GCSEs graded on a scale of eight to one with a different distribution of grades.
Internal assessment only used where exams cannot validly assess the skills and knowledge required. Any alternative to exams must be fit for purpose, directly assess what they claim to assess and designed to be resilient to pressures from the wider system.
Ofqual says ‘The intention is that reformed qualifications in English language, English literature, mathematics, the sciences, history and geography would be ready for first teaching in September 2015. Other subjects would be introduced from 2016. We will also plan further consultations, in particular on how we will set and maintain standards and the title and scope of the reformed qualifications.’
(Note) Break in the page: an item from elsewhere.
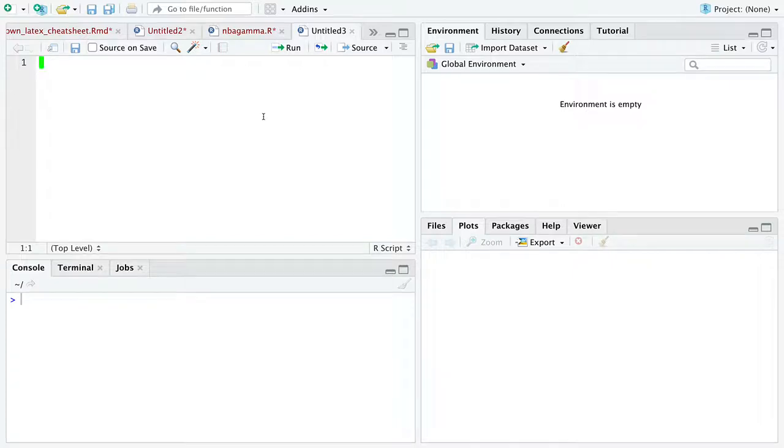So this video is about trying to simulate the central limit theorem that we're discussing in this class in R for yourself.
A parallel consultation on curriculum content for the reformed qualifications has been launched today by the Department for Education, reflecting the proposed new National Curriculum. The link to the consultations can be found below.
The GCSE changes being announced will only apply to pupils in England. Scotland has its own exam system, but Wales and Northern Ireland also use GCSEs. And the more that the exams are redesigned in England, the more that the idea of a common exam is stretched to breaking point.
Meanwhile, MPs on the Commons Education Select Committee warned the plans showed relations between ministers in England and Wales were “clearly under strain”, and called for the continuation of “three-country qualifications and regulation”.Chairman Graham Stuart said members were “concerned that there is a rush towards separate exam systems for England, Wales and Northern Ireland, without careful reflection on what might be lost, or consensus that this is the right thing to do”.The education select committee has published a report on the controversial results of last summer’s GCSE English results, which ended in a legal challenge.It concluded that the “poor design” of the modular exam was the underlying cause of the problems. But there was a warning of the risks of introducing too many changes when working to a “tight timetable”.